Al sud finché esiste il
problema della “monnezza” (l'oro della malavita), la
mancanza dello Stato e una politica sociale moderna, la criminalità fiorirà
sempre, ora più che allora, in cui regnava la miseria.
E veniamo al triste fenomeno della corruzione, ora più che mai
dominante nel nostro paese. Si dice che siano stati i Savoia e Cavour a
introdurre la corruzione nel Regno delle Due Sicilie,
pagando ministri, generali e anche nobili, al fine di agevolare l'impresa di
Garibaldi. Al riguardo, ci sono prove incontrovertibili. Questa politica di
ungere le ruote era una costante del Regno di Piemonte, tanto quasi da essere
un marchio di fabbrica.
La domanda: in precedenza, il livello di corruzione era notevole o
modesto?
La corruzione è stata per sempre il male dell'uomo, antica come le
donne di malaffare. I romani ne fecero largo uso comprandosi re e condottieri.

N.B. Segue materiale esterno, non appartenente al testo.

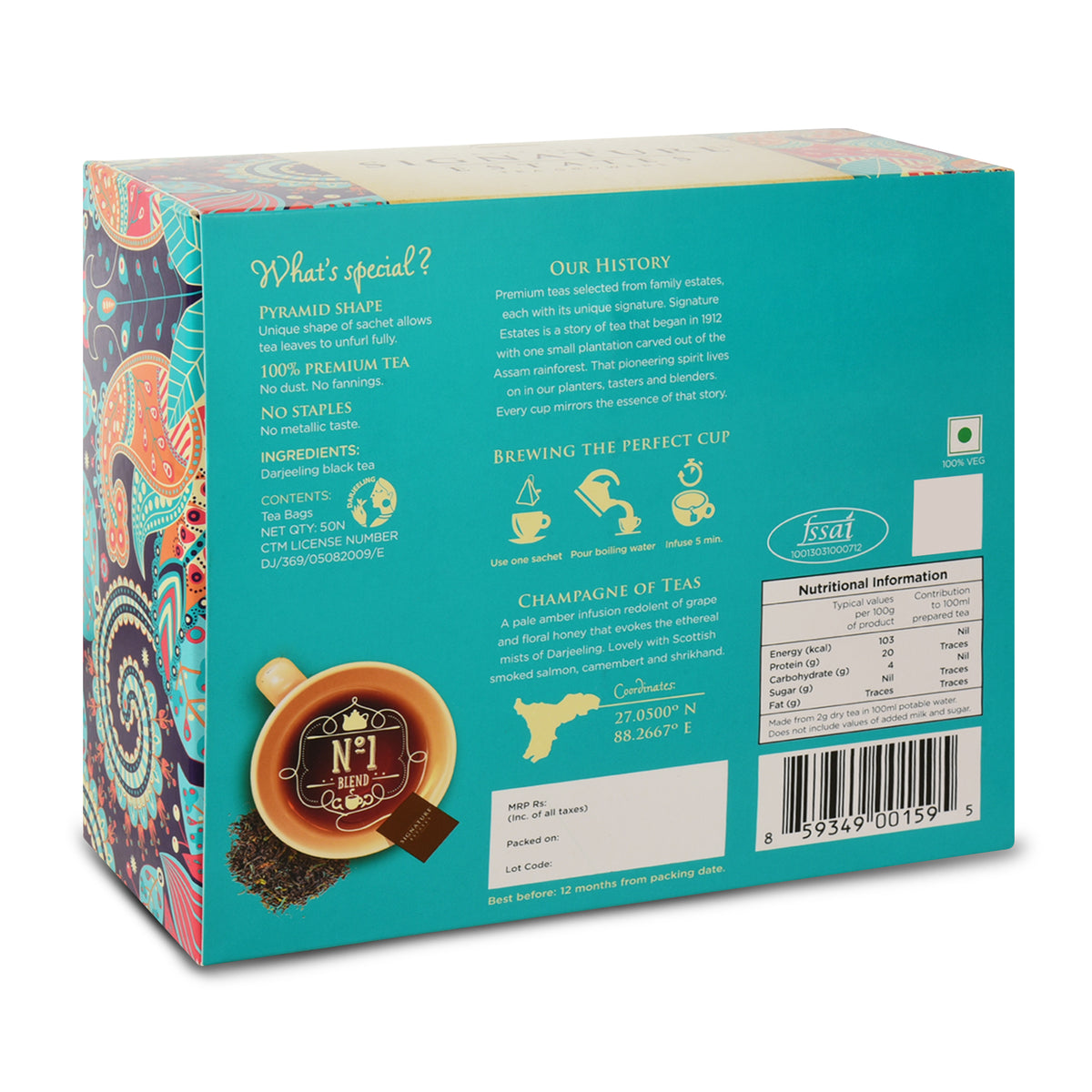 Signature Estates Darjeeling Himalayan Reserve Black Tea Bags – 50 Pyramid Sachets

Tutta la spedizione dei mille fu organizzata non da principianti o
semplici volontari sprovveduti, ma da gente raffinata, intelligente e da gradi
politici di ampio respiro.
Chi non era al corrente di nulla,ma
credeva nella giusta causa della libertà erano Garibaldi e i suoi volontari.
Nel XVIII e il XIX secolo la massoneria
mondiale era una grande realtà che influiva sulla politica delle nazioni,
sull'economia e sul modo di pensare dell'uomo (V. nascita degli Stati Uniti,
diritti dell'uomo e altri eventi ancora sconosciuti al popolo).
Anche i problemi della penisola furono influenzati e diretti dalla
massoneria inglese che finanziò la spedizione di Garibaldi con tre milioni di
franchi francesi in piastre d'oro turche per corrompere i ministri e i generali
borbonici.
Altri finanziamenti provenivano dalle offerte private e dai
comitati, disseminati in cento città, allo scopo di raccogliere denaro per
l'acquisto di un milione di fucili. I proventi a favore di Garibaldi venivano puntualmente registrati dal responsabile della
cassa, lo scrittore Ippolito Nievo e dai suoi collaboratori.
Guardo caso, la contabilità scomparve nel misterioso affondamento
del vapore “Ercole” che da Palermo era diretto a Napoli.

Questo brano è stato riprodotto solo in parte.